◆ Goal of the exercise ◆
Word for word, quote the lines from the one containing "Coats Animals ysAiz" to the end of the entries below, including both. Leave pictures out.

[Scraped caption text data]
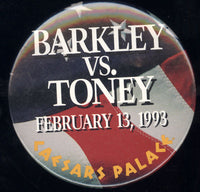 BARKLEY, IRAN-JAMES "LIGHTS OUT" TONEY SOUVENIR PIN (1993)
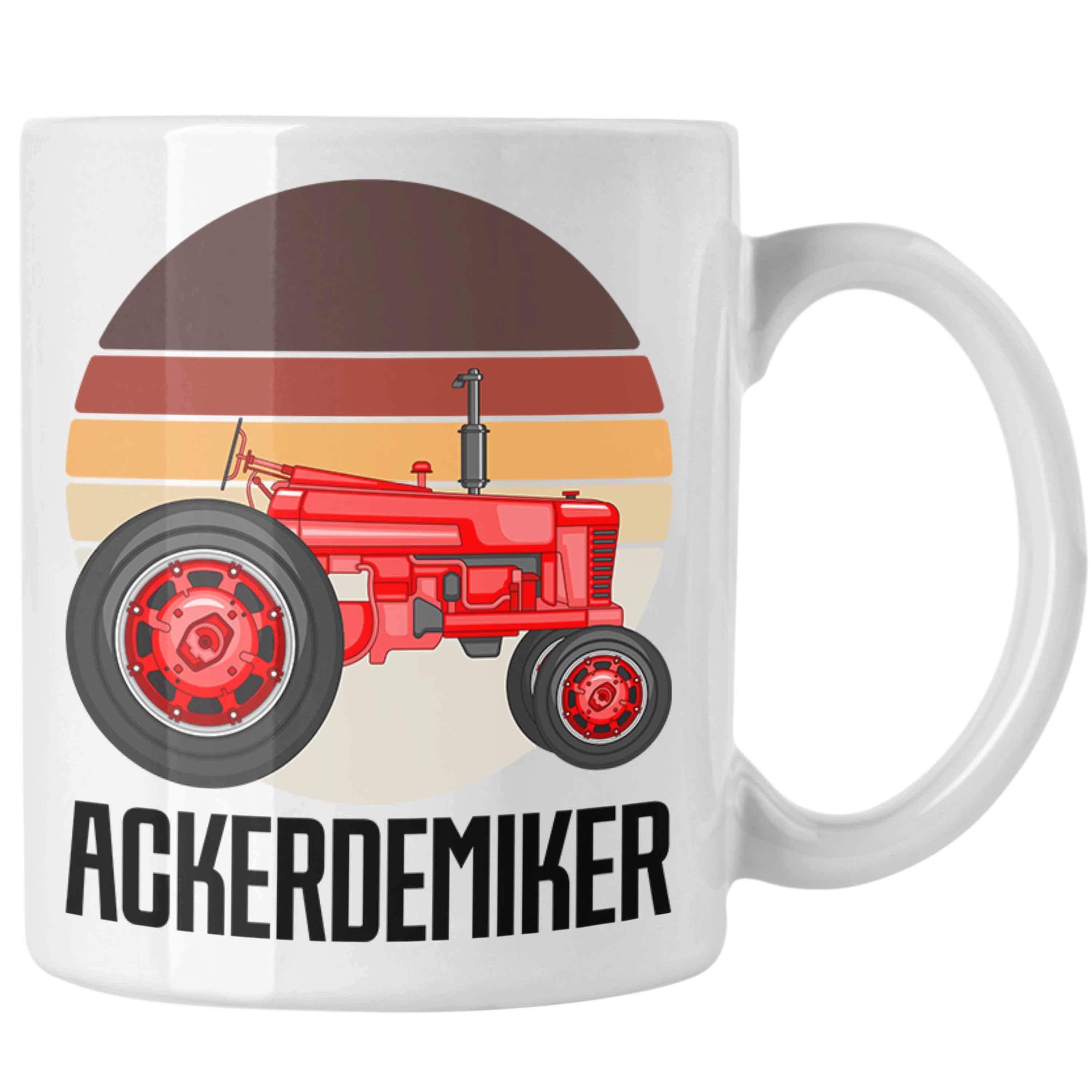 Trendation Tasse Ackerdemiker Tasse Geschenk für Landwirt Kaffee-Becher Geschenkidee Ba Weiss
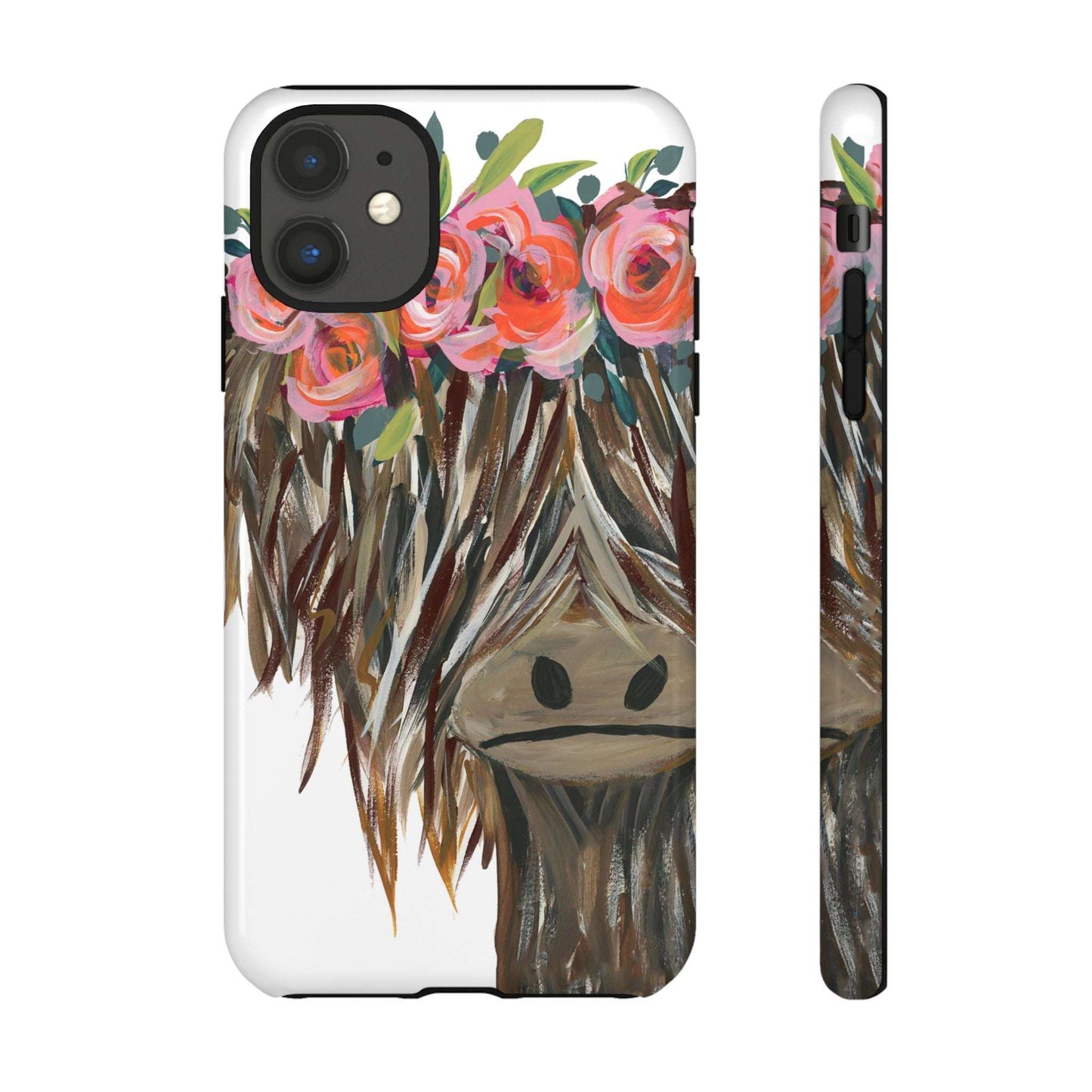 Highland Cow Hand Painted Cute Phone Case - Tough Cases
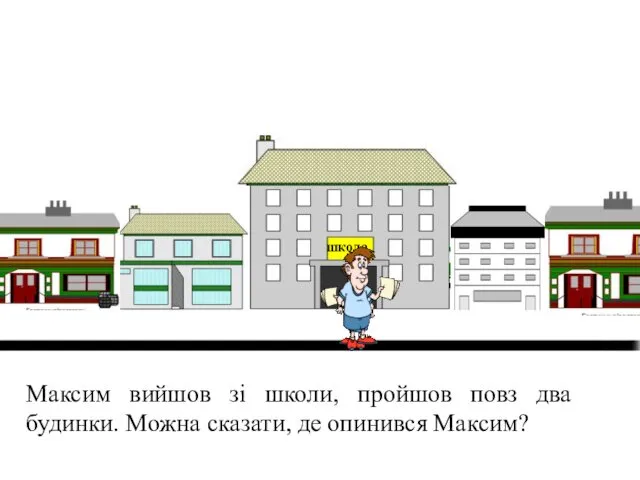 школа Максим вийшов зі школи, пройшов повз два будинки. Можна сказати, де опинився Максим?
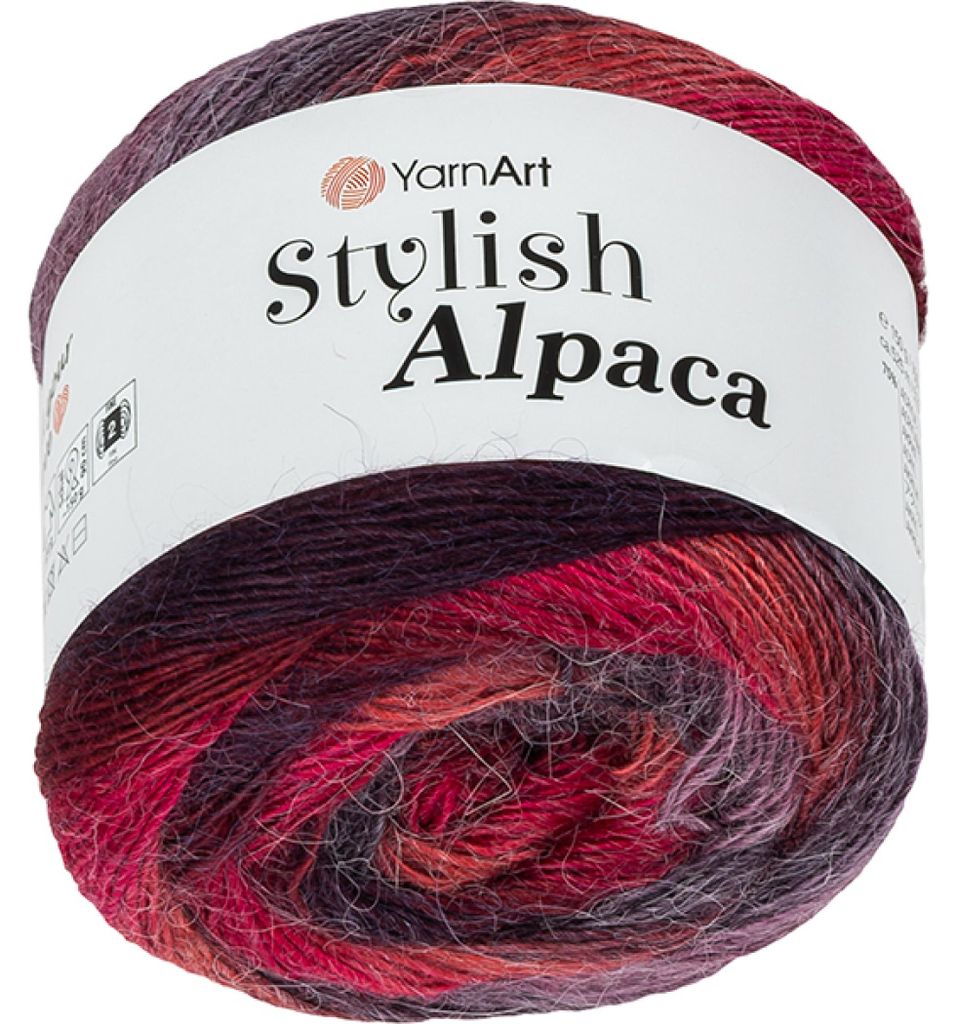 Příze Stylish ALPACA - 150g , 525 m - Červená,Fialová Obrázek produktu 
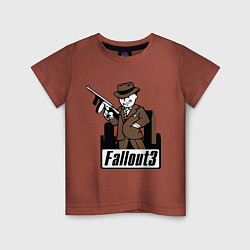 Футболка хлопковая детская Fallout Man with gun, цвет: кирпичный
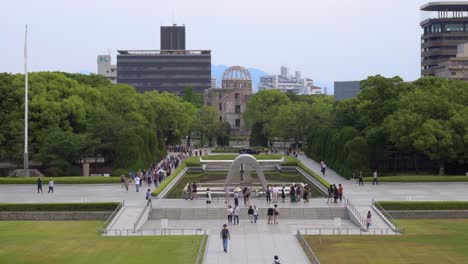 Atomic-Bomb-Dome,-which-survived-the-atomic-bomb-in-the-city-of-Hiroshima,-is-part-of-Hiroshima-Peace-Memorial-Park-in-Japan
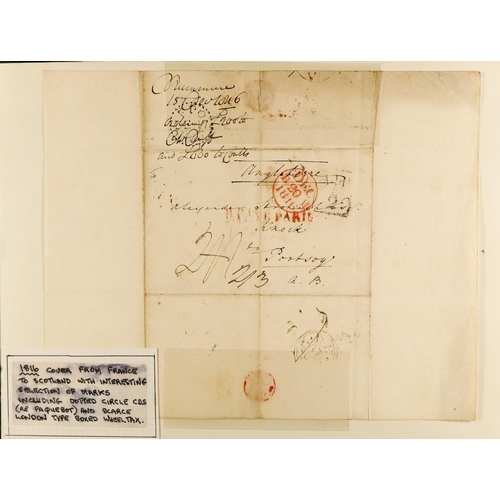 1877 - GB. COVERS & POSTAL HISTORY 1586 - 1840 PREMIUM STAMPLESS COVERS COLLECTION expertly presented and d... 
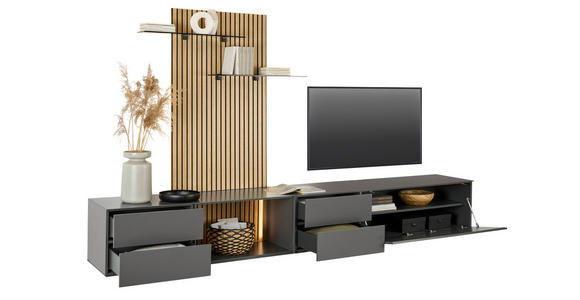 WOHNWAND  in Anthrazit, Eichefarben  321/160/50 cm  - Eichefarben/Anthrazit, Design, Glas/Holz (321/160/50cm) - Dieter Knoll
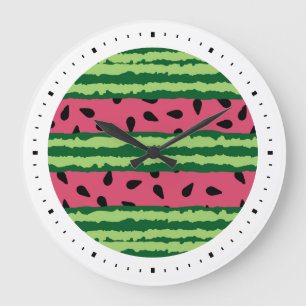Grande Horloge Ronde Cute Watermelon Pattern Pink & Green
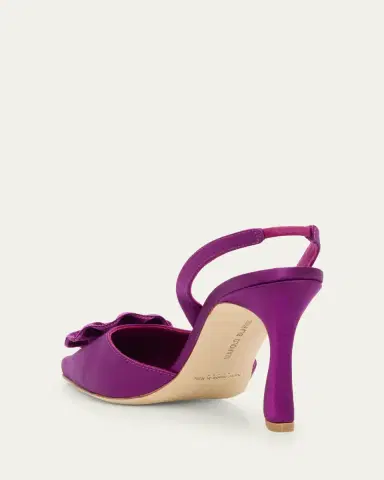 Manolo Blahnik 90mm Caulosli Satin Slingback Pumps | Thumbnail 2
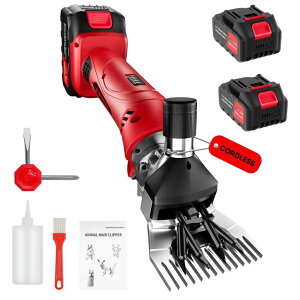 ƒ{poJ r Cordless Sheep Shears,2600RPM Electric Sheep Shearing Clippers with 2 Pcs Rechargeable 4000mAH Battery, 6 Speed Heavy Duty Livestock Haircut for Grooming Sheep Goats Cattle Thick Coats Animals ysAiz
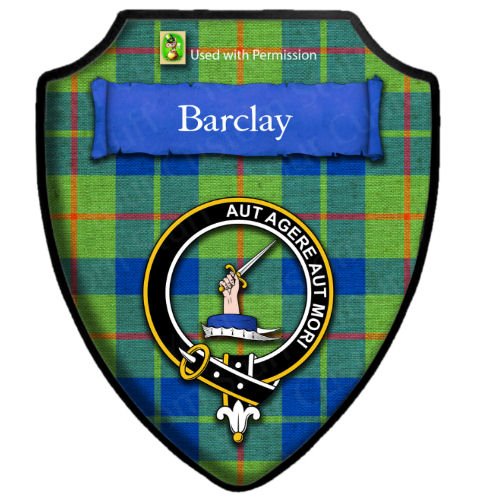 Image 2 of Barclay Hunting Ancient Tartan Crest Wooden Wall Plaque Shield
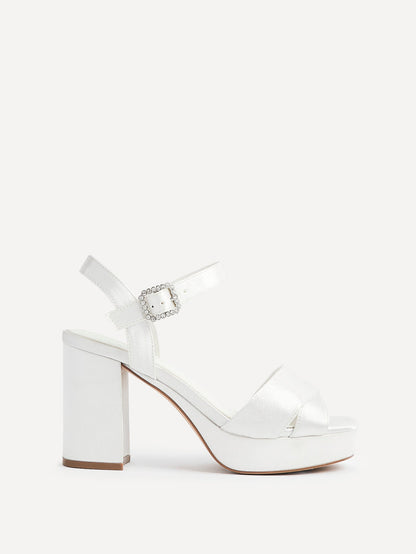 Perola Bridal Ivory Satin Platform Heels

◆ Your solution ◆
 ƒ{poJ r Cordless Sheep Shears,2600RPM Electric Sheep Shearing Clippers with 2 Pcs Rechargeable 4000mAH Battery, 6 Speed Heavy Duty Livestock Haircut for Grooming Sheep Goats Cattle Thick Coats Animals ysAiz
 Image 2 of Barclay Hunting Ancient Tartan Crest Wooden Wall Plaque Shield
 Perola Bridal Ivory Satin Platform Heels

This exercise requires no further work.